_DESCRIPTION OF THE TASK_
Verbatim copy without images: return all of the data as it stands.

--- DATASET SECTION Enclosed Below ---

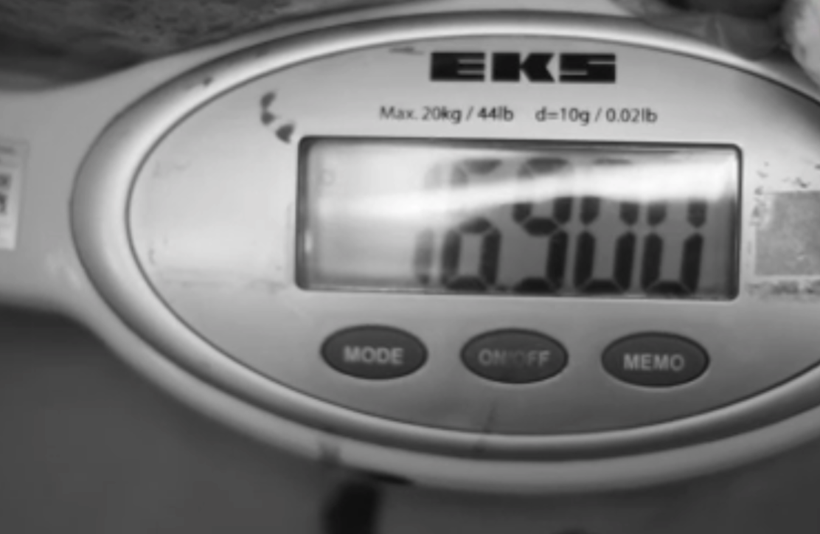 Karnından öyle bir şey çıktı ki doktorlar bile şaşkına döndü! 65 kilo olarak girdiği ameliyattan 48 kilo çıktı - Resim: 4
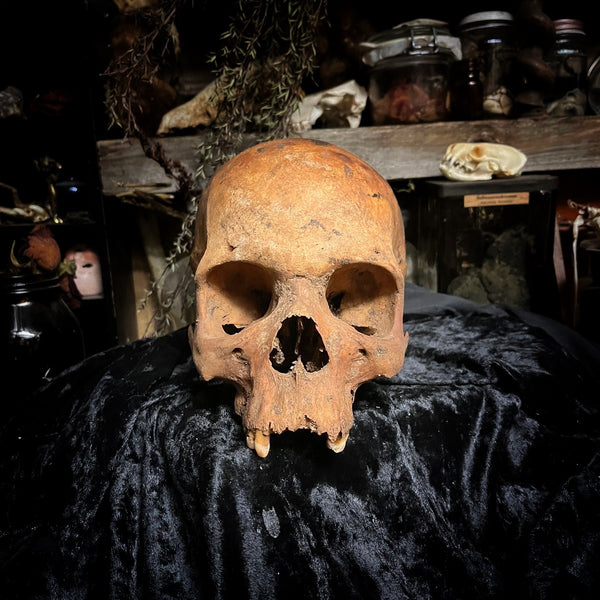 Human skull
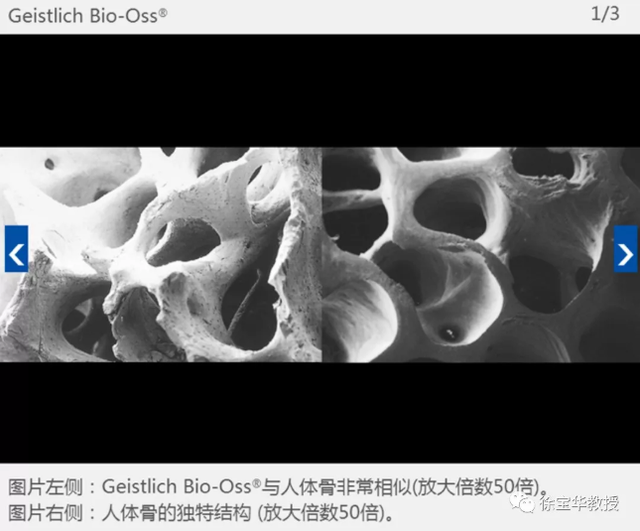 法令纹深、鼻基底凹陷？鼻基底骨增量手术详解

--- End of Enclosed DATASET SECTION ---

_RESPONSE_
 Karnından öyle bir şey çıktı ki doktorlar bile şaşkına döndü! 65 kilo olarak girdiği ameliyattan 48 kilo çıktı - Resim: 4
 Human skull
 法令纹深、鼻基底凹陷？鼻基底骨增量手术详解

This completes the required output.